Originally Posted by *chandasz* 

Please don't think you need to have a bad experience just because it is a hospital.










I had a great hospital vba2c with my last baby







All the nurses and everything were great. I had a great doula, too. I'm planning my second hospital vba2c and hoping it goes that well again!


----------



## VillageMom6 (Dec 2, 2008)

I wish you all the best! I've had five hospital births that were wonderful... little to no interventions, one of which was a planned water birth.

Honestly, I read all of the horror stories about hospital births and I'm just baffled. Don't get me wrong... I _believe_ them. But my experiences have been so different.


----------



## expat-mama (May 28, 2008)

I'm in a similar situation as you. I live in the UAE where homebirth is illegal, if I were back in Canada I'd be having a homebirth. But we have to go with the cards we're dealt and that's what I've been doing.

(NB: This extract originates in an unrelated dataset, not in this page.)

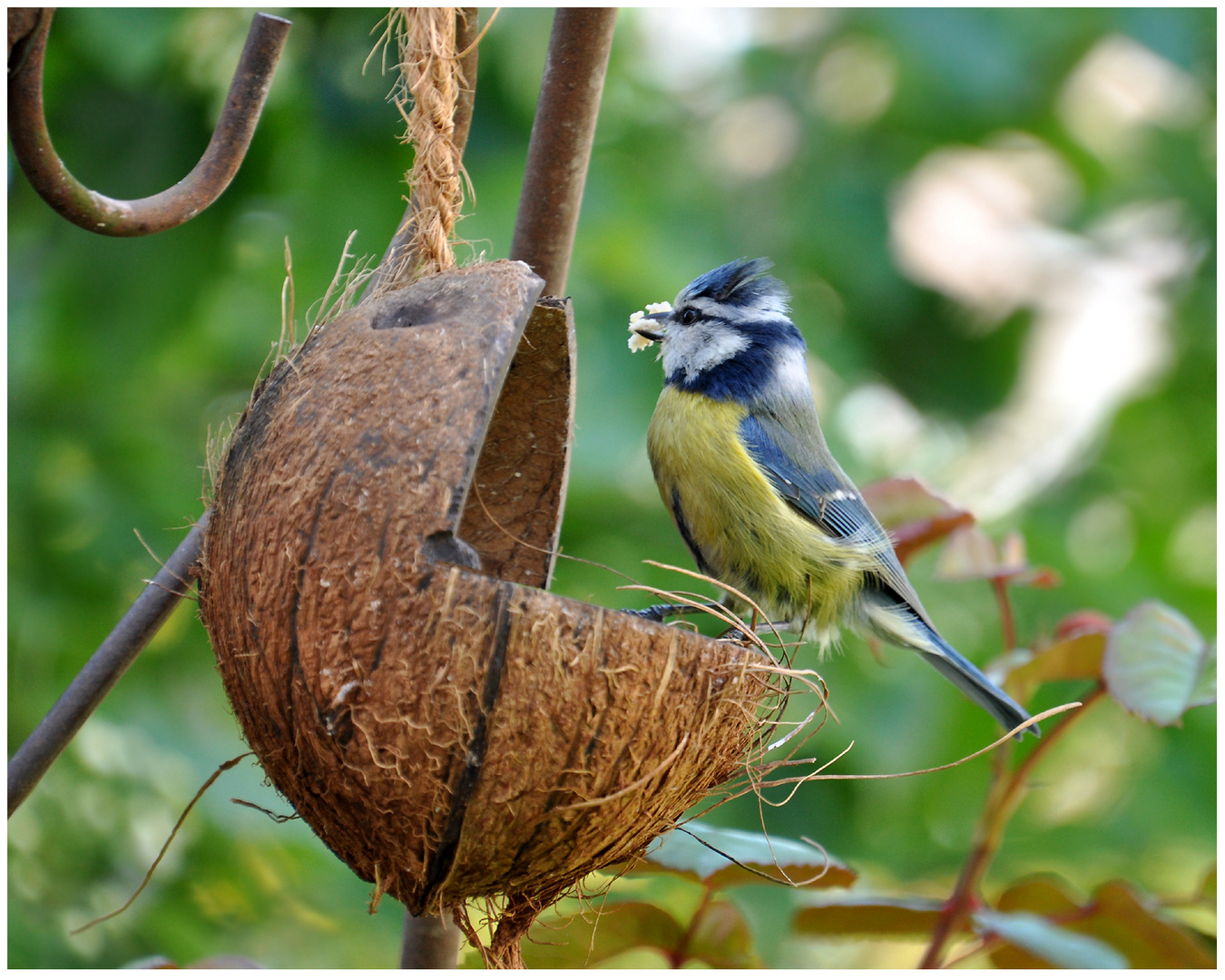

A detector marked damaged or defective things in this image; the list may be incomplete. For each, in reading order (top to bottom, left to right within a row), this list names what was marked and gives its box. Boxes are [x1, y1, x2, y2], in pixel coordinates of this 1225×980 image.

rusty metal hook [8, 8, 289, 236]
rusty metal pole [509, 8, 617, 295]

I was so nervous and apprehensive about a hospital birth but I did what I could to find the best hospital I could and to prepare myself and DH for having a natural birth in an unnatural setting.
It's hard and terrifying to read all the natural birthing info that is geared to homebirthers and so against hospitals when you have no other choice! I know.







I wish I had heard of that book a PP mentioned- Homebirth in the Hospital, or something.

I'm due next week and planning to stay home as long as possible (till I feel pushy, hopefully, since we live less than 10 minutes away from the hospital), we've prepared a thorough birth plan, discussed it beforehand with the hospital staff and are very familiar with our hospital's routines so we know what to expect and have planned how to deal with it.

It was hard at first to come to terms with the fact that my first birth won't be exactly as I'd imagined it or would have wished it, but even if I had been able to plan a home birth there would be no guarantees, you know? In the end, I have to remember that this experience will be largely what I make of it, that I've done all I can do to try to ensure my baby has a gentle entry into the world, and that if it IS bad...well it's only one day. I can deal with one bad day for this baby.







The end result will be BABY and that will make it all worth it! It's nice to hear mamas chime in with positive stories and reassurance about hospital births- I find that's hard to come by around these parts.

Good luck.


----------



## Galatea (Jun 28, 2004)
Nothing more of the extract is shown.